Top of RECORDED INFORMATION
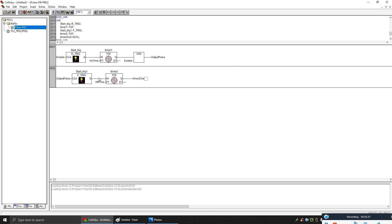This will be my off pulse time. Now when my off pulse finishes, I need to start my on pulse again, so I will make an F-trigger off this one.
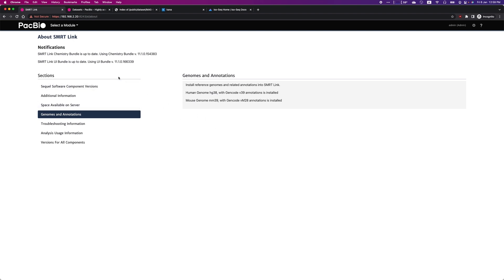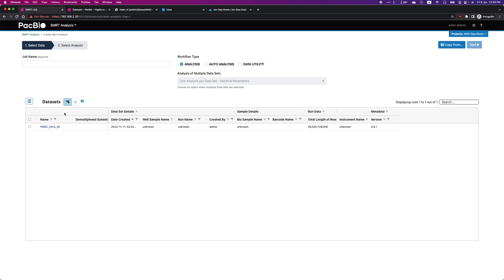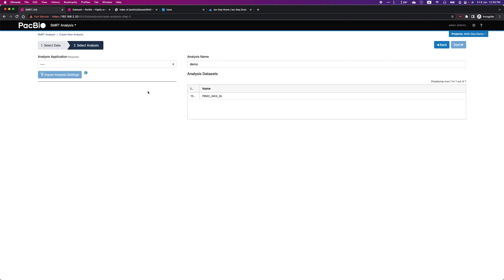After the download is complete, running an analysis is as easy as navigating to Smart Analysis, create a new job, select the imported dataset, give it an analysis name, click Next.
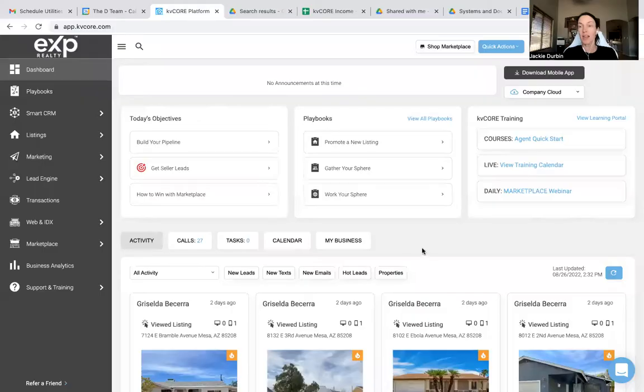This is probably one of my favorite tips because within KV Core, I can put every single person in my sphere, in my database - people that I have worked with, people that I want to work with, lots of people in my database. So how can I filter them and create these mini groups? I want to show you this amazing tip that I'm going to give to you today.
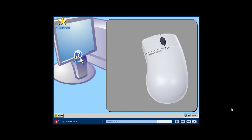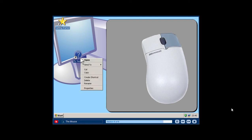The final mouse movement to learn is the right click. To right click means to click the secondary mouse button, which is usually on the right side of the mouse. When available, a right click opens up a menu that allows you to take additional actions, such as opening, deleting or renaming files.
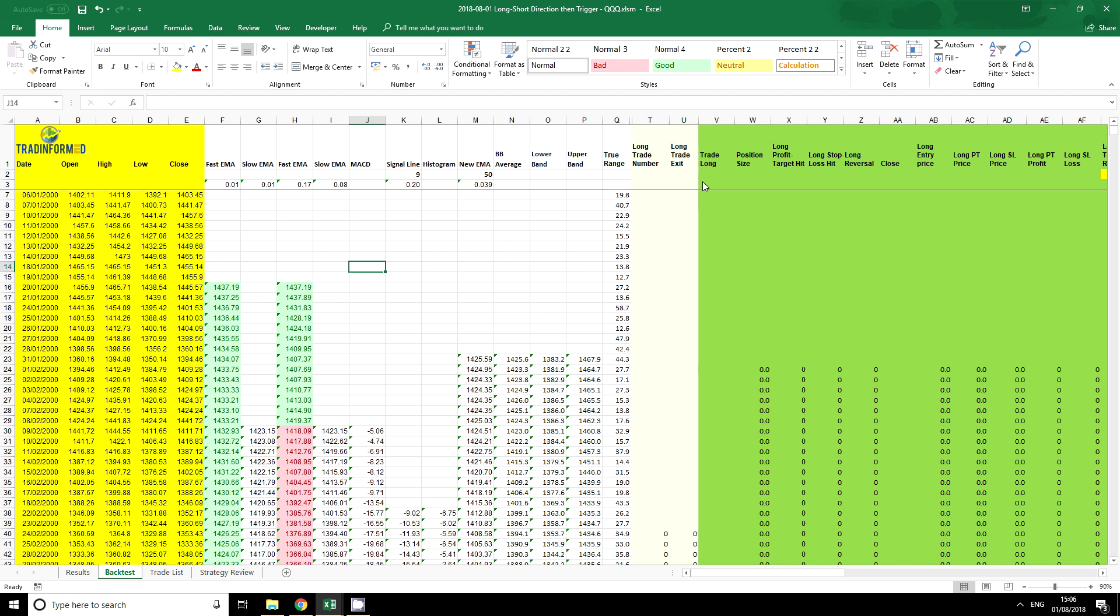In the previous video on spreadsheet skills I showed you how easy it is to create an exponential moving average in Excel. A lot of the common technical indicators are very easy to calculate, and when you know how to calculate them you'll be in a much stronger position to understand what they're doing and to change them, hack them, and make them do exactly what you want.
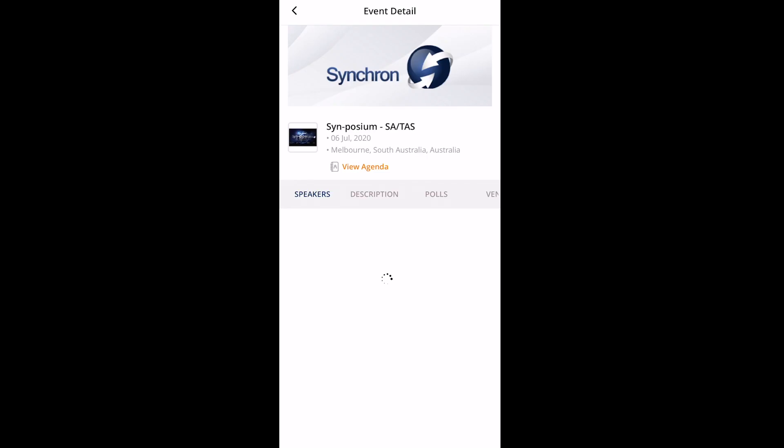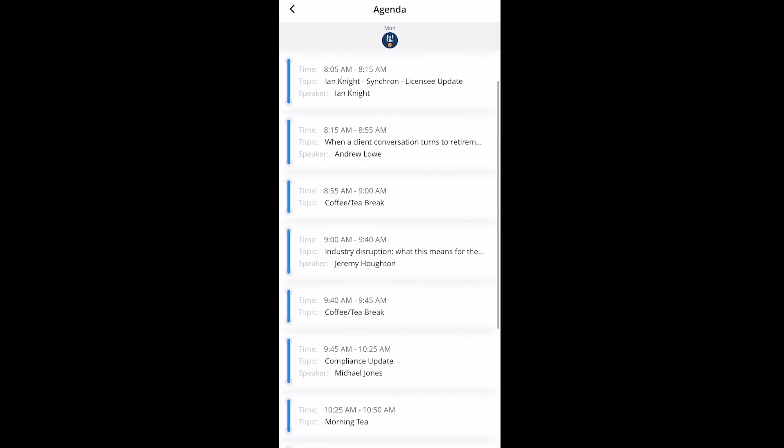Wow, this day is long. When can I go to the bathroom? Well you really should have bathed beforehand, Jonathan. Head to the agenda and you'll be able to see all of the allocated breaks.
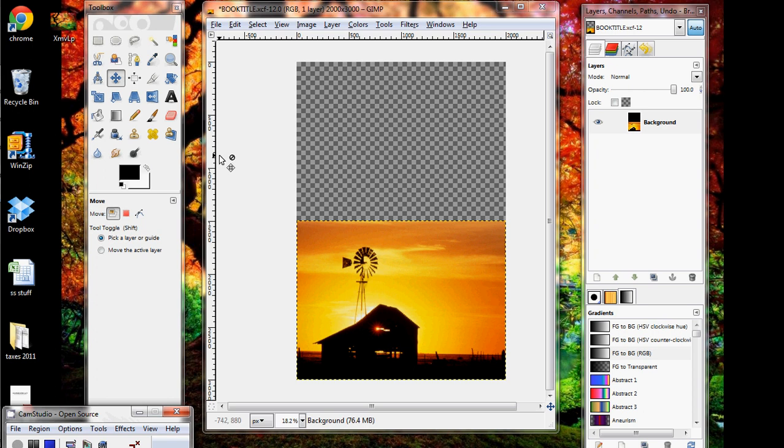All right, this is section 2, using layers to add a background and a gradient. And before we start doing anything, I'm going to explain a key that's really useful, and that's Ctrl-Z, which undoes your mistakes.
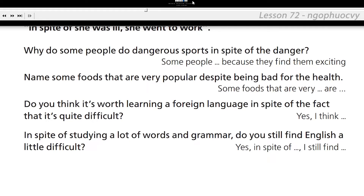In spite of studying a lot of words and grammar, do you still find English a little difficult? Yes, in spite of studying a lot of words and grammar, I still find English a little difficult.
Bottom of RECORDED INFORMATION
WHAT IS REQUIRED - For this exercise, output the records exactly but omit their pictures.

SOLVED EXERCISE -
This will be my off pulse time. Now when my off pulse finishes, I need to start my on pulse again, so I will make an F-trigger off this one.
After the download is complete, running an analysis is as easy as navigating to Smart Analysis, create a new job, select the imported dataset, give it an analysis name, click Next.
This is probably one of my favorite tips because within KV Core, I can put every single person in my sphere, in my database - people that I have worked with, people that I want to work with, lots of people in my database. So how can I filter them and create these mini groups? I want to show you this amazing tip that I'm going to give to you today.
The final mouse movement to learn is the right click. To right click means to click the secondary mouse button, which is usually on the right side of the mouse. When available, a right click opens up a menu that allows you to take additional actions, such as opening, deleting or renaming files.
In the previous video on spreadsheet skills I showed you how easy it is to create an exponential moving average in Excel. A lot of the common technical indicators are very easy to calculate, and when you know how to calculate them you'll be in a much stronger position to understand what they're doing and to change them, hack them, and make them do exactly what you want.
Wow, this day is long. When can I go to the bathroom? Well you really should have bathed beforehand, Jonathan. Head to the agenda and you'll be able to see all of the allocated breaks.
All right, this is section 2, using layers to add a background and a gradient. And before we start doing anything, I'm going to explain a key that's really useful, and that's Ctrl-Z, which undoes your mistakes.
In spite of studying a lot of words and grammar, do you still find English a little difficult? Yes, in spite of studying a lot of words and grammar, I still find English a little difficult.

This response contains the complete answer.